■ Exercise instructions
Word for word, retype the lines from the one containing "Nina Granda, arhitektkaurednica" to the one containing "Le Figuier Hotel *" below, keeping both end lines and dropping the pictures.

■ Records provided
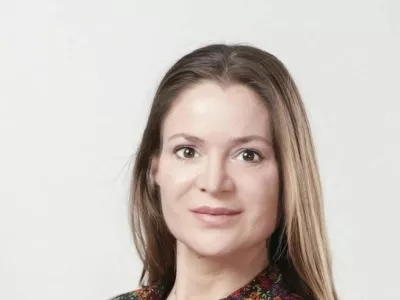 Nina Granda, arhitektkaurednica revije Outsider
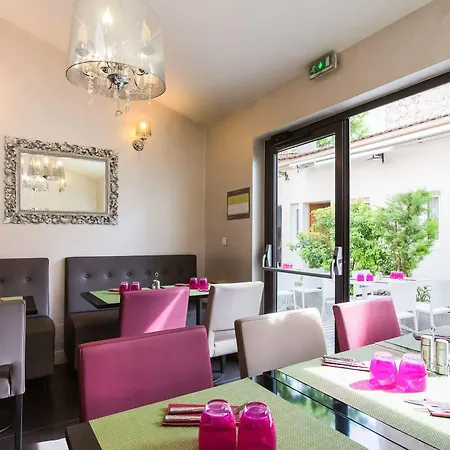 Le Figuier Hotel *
---
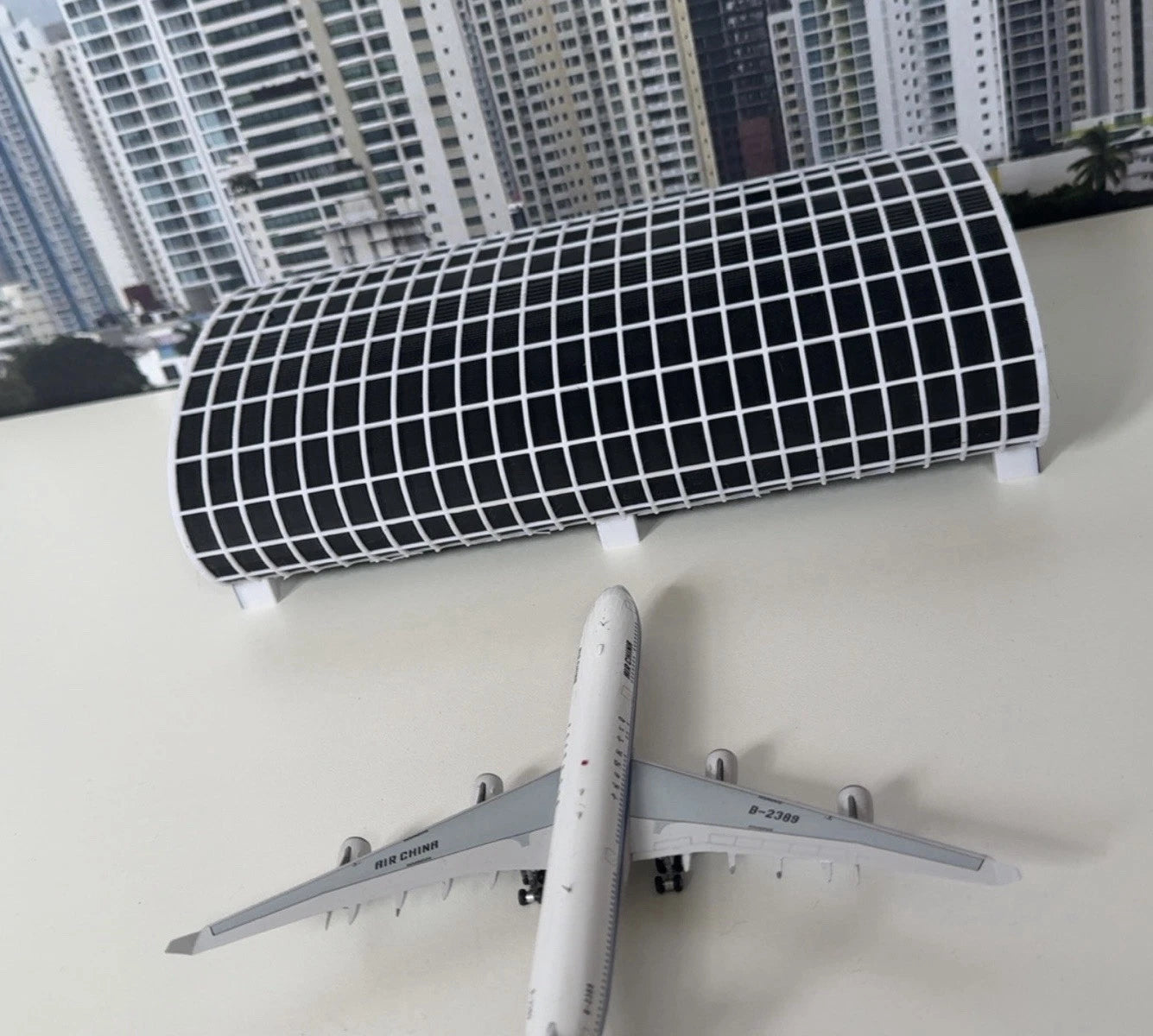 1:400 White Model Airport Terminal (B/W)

■ Response box
 Nina Granda, arhitektkaurednica revije Outsider
 Le Figuier Hotel *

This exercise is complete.